A giugno, l’avvocato e direttore di uno studio legale, Aliabbas Rustamov, conosciuto per la sua critica al governo, è stato accusato di estorsione. Il 21 luglio Husan Huseynli, leader di una rispettata ONG azera con sede a Ganja, è stato arrestato e duramente condannato a sei anni per un crimine che non ha commesso – aver pugnalato un uomo. L’organizzazione di Huseynli  si occupava dei giovani e li aiutava a cercare opportunità educative all’estero. Secondo gli avvocati difensori, l’accusa contro Huseynli non è altro che un tentativo di soffocare un’organizzazione indipendente. Il 4 luglio, il giovane attivista e blogger Omar Mammadov è stato condannato a 5 anni di prigione per possesso e vendita illegale di stupefacenti.

Il perché di un’emergenza

La repressione si è manifestata in molti modi: congelamento di conti bancari, rifiuto di registrare le ONG e i finanziamenti ricevuti, intimidazione, ricatto, estorsione e infine detenzione e arresto.

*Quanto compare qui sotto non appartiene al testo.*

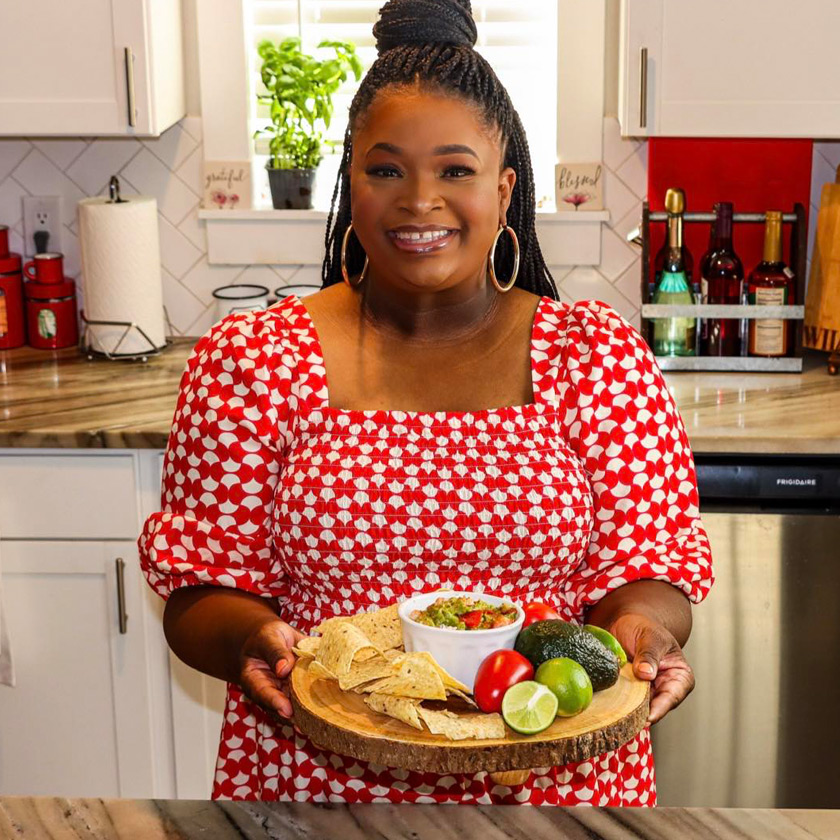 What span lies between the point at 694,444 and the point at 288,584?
3.17 feet

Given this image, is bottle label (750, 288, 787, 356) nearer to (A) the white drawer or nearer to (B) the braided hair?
(B) the braided hair

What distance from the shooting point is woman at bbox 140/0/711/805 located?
139 centimetres

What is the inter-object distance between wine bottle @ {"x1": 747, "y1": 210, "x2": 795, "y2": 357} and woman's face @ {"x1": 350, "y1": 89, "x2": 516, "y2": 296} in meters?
1.24

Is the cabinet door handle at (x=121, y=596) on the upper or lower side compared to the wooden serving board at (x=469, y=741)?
lower

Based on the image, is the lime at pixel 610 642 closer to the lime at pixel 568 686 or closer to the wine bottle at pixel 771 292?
the lime at pixel 568 686

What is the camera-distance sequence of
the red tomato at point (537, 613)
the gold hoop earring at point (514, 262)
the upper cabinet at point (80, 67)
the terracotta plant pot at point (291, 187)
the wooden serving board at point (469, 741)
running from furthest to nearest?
the terracotta plant pot at point (291, 187) < the upper cabinet at point (80, 67) < the gold hoop earring at point (514, 262) < the red tomato at point (537, 613) < the wooden serving board at point (469, 741)

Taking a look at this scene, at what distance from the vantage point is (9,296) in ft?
9.30

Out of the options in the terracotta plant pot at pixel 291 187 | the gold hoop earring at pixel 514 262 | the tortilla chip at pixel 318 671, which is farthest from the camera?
the terracotta plant pot at pixel 291 187

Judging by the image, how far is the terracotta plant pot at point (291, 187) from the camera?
2.81 m

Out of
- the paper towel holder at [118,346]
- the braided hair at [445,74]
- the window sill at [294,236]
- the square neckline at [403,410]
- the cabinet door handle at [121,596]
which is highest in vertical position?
the braided hair at [445,74]

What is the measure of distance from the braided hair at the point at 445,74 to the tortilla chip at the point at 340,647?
1.72 feet

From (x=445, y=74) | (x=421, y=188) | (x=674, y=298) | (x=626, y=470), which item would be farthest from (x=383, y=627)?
(x=674, y=298)

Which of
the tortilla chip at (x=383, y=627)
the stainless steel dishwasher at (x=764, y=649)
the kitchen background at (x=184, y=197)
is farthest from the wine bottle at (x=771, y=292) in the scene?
the tortilla chip at (x=383, y=627)

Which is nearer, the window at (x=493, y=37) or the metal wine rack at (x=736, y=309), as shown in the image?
the metal wine rack at (x=736, y=309) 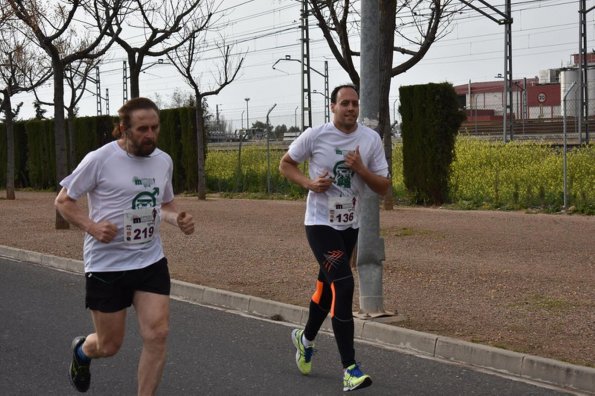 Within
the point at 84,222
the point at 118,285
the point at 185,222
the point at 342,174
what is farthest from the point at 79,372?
the point at 342,174

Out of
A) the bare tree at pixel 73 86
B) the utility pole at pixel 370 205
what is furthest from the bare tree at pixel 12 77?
the utility pole at pixel 370 205

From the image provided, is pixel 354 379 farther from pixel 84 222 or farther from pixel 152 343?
pixel 84 222

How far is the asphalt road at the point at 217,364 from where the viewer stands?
6.71 metres

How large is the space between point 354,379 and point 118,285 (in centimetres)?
175

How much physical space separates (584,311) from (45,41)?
12.5 meters

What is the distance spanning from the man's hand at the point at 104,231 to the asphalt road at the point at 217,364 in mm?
1752

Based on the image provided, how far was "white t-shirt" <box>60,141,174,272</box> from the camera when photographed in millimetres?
5410

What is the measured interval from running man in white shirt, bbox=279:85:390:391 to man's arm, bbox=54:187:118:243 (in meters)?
1.61

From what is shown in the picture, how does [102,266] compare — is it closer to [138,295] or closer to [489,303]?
[138,295]

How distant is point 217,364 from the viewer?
748 centimetres

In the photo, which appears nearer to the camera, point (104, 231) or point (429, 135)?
point (104, 231)

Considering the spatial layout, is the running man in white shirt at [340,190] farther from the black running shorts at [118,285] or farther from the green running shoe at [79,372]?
the green running shoe at [79,372]

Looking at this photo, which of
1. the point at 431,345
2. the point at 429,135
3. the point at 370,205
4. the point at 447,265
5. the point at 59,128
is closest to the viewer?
the point at 431,345

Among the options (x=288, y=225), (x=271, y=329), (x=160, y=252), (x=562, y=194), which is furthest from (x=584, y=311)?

Le accuse criminali contro le voci critiche in Azerbaijan sono cresciute in varietà, passando dal “semplice” vandalismo ad accuse per possesso di droga, o addirittura a crimini più pesanti come possesso di armi, contrabbando, tradimento, evasione fiscale e così via. Sembra anche esserci una fattore età, con i dissidenti più anziani chiamati a scontare accuse e pene più pesanti. Mentre la vecchia generazione è accusata di evasione fiscale e affari illeciti, gli attivisti più giovani, in genere membri di movimenti giovanili o blogger, sono accusati di possesso illegale di stupefacenti insieme ad una delle accuse più comuni in Azerbaijan, il vandalismo.

Non ci sono dubbi che la stretta sui diritti umani in corso in Azerbaijan è un tentativo del governo di ridurre al silenzio le poche voci rimaste libere nel paese e possibilmente liberarsi di ogni oppositore capace di ottenere consensi e sfidare le autorità dentro o fuori il processo elettorale. Questo spiega anche gli arresti mirati e le accuse contro membri di movimenti giovanili come NIDA, che lo scorso maggio sono stati condannati a scontare dai 6 agli 8 anni di carcere, proprio pochi giorni prima dell’avvio della presidenza azera del Consiglio d’Europa.

Con una strategia del “no man left behind”, le autorità azere stanno preparando la strada verso una leadership totalitaria nascosta dietro la vuota formula del “fascino europeo dell’Oriente”. In definitiva, nell’arco di tre mesi dal momento in cui l’Azerbaijan ha assunto la guida del Comitato dei ministri del Consiglio d’Europa, 14 persone sono finite in carcere, per non citare il numero di attivisti e individui processati prima della presidenza azera. La lista dei prigionieri politici si allunga in Azerbaijan, e finora non ci sono state né risposte né sanzioni da parte dei paesi democratici. Probabilmente il cosiddetto fascino dell’Oriente sta compiendo la sua magia.